Este hombre tiene una dificultad importante para su vida: la ceguera. Sin embargo, no apela a su necesidad sino al corazón de su Cristo, invoca su compasión, su capacidad para compadecerse de él. Cualquiera de nosotros ante las dificultades que podamos experimentar en nuestra vida, quizás nos saldría primero “gritarle” la causa de nuestro sufrimiento, poniendo en primer lugar nuestra necesidad y no la compasión de Cristo, el reconocimiento de que él ha asumido todos nuestros sufrimientos y por ello puede compadecerse de nosotros. Es la primera lección que nos deja este encuentro del ciego con Jesús.

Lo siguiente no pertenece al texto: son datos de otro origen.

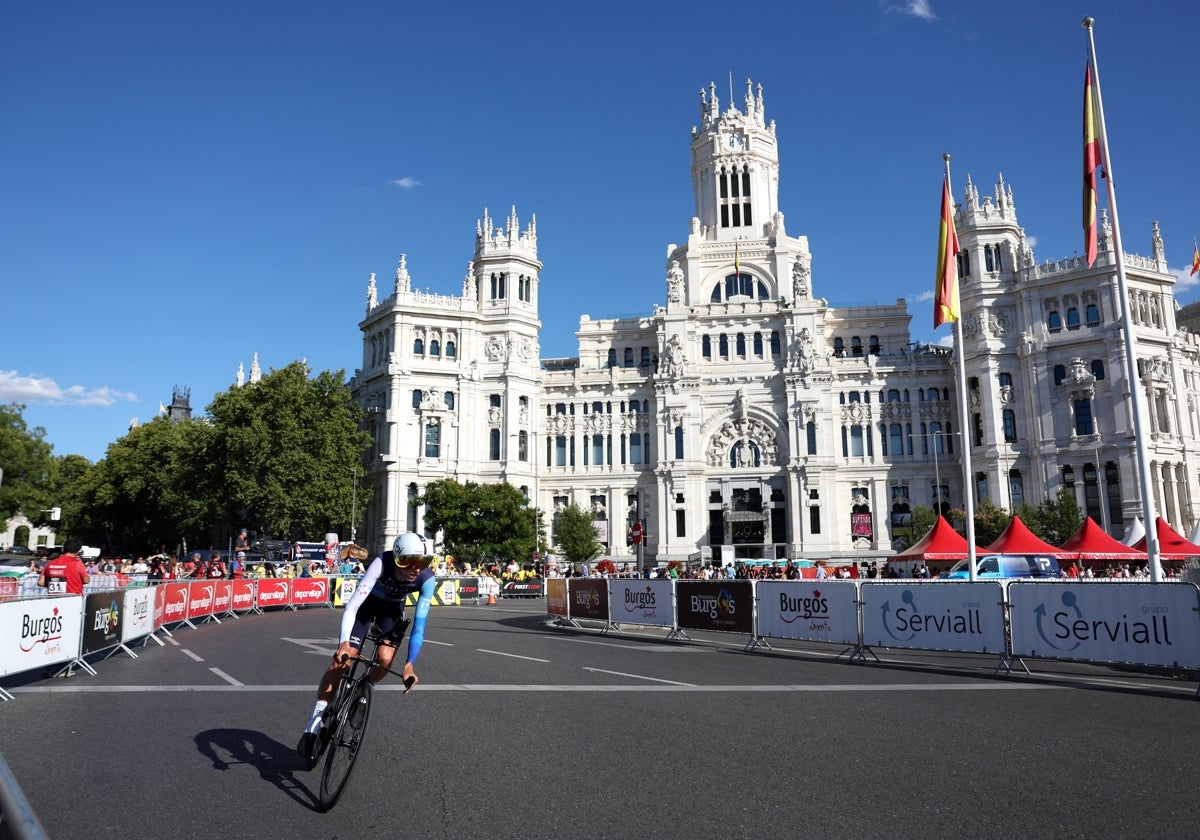 La Vuelta, en la plaza de Cibeles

Sólo cuando el Señor se dirige a él para preguntarle el ciego sabe pedir: “Jesús se paró y mandó que se lo trajeran. Cuando estuvo cerca, le preguntó: ¿Qué quieres que haga por ti?”, responde enseguida: Señor, que recobre la vista”. Si el Señor se dirigiese a mí con una pregunta similar ¿sabría qué pedirle? ¿Acertaría con lo más importante para mi felicidad? ¿Sabría acertar con la única cosa necesaria?
María nos muestra el camino para acertar con esa petición: “he aquí la esclava del Señor, hágase en mí según tu palabra”.